Benefits of involving employees in strategic decision making

Multiple backgrounds enhance the overall quality of strategic decision making

One of the primary reasons for engaging others in setting the direction for the firm is to draw from their experiences and gain their perspectives on and issues that the company is facing. Employees will have different backgrounds and roles within your startup can provide an important sounding board for suggestions, add suggestions for better ways of implementing, and reduce the likelihood of the firm pursuing fruitless directions.

Increasing commitment to the strategy

Another crucial role of involving employees within the process of forming a strategy is to improve their commitment to it. Being part of coming up with the strategy, and having an influence on key decisions, can really enhance buy-in, reducing potential pushback that you may get in getting people on board with the approach being taken.

Understanding of the strategy can also improve implementation

Beyond increasing the commitment of employees to the strategy, a greater understanding of the approach that the firm is taking can also improve implementation decisions. One of the key roles of strategy is to unify decision-making within lower elements of the firm – ensuring that decisions reinforce one another. Through a greater understanding of the strategy, getting employees involved within the strategy of the firm can help ensure that day-to-day decisions that these employees take – for which customers to target, to which features to focus on – are consistent with the broader direction that the firm is perusing. 

Commitment to the firm

Not only can involving employees in the strategy formation increase commitment to the strategy itself, but it can also enhance the overall commitment to the firm. Everyone wants to feel like their decisions are valued, and getting employees involved with some of the major decisions that the company is taken can help illustrate that they are not just another cog in the wheel, but an important component of setting the overall direction of the company.
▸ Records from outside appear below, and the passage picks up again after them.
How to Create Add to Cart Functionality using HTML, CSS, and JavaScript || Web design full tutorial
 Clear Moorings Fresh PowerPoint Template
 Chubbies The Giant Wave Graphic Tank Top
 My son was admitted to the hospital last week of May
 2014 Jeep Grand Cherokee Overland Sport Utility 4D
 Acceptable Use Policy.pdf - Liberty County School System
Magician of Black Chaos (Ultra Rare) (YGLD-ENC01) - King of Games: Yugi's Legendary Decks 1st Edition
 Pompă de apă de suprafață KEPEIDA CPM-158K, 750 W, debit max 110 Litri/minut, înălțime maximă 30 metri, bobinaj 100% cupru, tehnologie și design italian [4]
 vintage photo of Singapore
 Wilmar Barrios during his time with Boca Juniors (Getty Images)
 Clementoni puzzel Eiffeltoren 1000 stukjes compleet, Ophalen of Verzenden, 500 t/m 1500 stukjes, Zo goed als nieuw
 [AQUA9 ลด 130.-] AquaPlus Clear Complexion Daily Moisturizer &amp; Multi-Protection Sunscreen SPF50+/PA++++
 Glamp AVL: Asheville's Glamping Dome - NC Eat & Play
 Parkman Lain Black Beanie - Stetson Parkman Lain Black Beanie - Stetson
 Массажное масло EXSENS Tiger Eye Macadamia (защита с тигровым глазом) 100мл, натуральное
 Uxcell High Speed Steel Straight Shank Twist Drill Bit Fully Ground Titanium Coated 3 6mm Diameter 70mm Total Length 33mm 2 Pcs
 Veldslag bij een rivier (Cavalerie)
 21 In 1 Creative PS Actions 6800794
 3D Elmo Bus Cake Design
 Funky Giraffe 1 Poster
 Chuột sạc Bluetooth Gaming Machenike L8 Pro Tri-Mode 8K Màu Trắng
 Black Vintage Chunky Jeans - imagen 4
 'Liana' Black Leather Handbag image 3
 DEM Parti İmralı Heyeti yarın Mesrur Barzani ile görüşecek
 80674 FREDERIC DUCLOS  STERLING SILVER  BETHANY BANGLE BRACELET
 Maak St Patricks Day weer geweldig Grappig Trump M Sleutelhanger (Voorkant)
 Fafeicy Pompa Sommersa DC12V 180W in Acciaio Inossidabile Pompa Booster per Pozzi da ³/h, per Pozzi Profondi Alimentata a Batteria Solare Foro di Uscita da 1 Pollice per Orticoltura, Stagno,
This involvement may be particularly true with startups. Ultimately employees at a small firm have specifically sought out the opportunity to work in a small ‘flat’ company, and part of that desire is to be involved in lots of different areas. Getting their involvement in direction setting for the firm can go a long way in providing this diversity of experiences and making employees feel an integral member of the startup.

Building up employee skills – improving employee awareness of future opportunities

A further benefit of involving employees in strategic planning is that it gradually builds up their experiences with decision making and the strategy of the company. This can have long-term benefits, as they may be more attuned to opportunities or the need to adjust the company’s actions to better align with the strategy. This can be useful as the firm grows, and positions take on increased responsibility. It is not uncommon for initial employees to take on critical management positions as the company grows, with prior decision-making experienced helping to set the direction in these roles. 

Summary

It is easy to assume that strategy should not involve lower employees, and indeed companies are not democracies, there is a role of leadership in setting the direction for the company. However, there are also benefits associated with getting others involved and drawing from their experience. It need not be all or nothing – there are ways of getting the involvement of members of the company without devolving ultimate decision making. One opportunity is that employees are potentially well placed to contribute suggestions on areas that the firm is vulnerable to or can improve.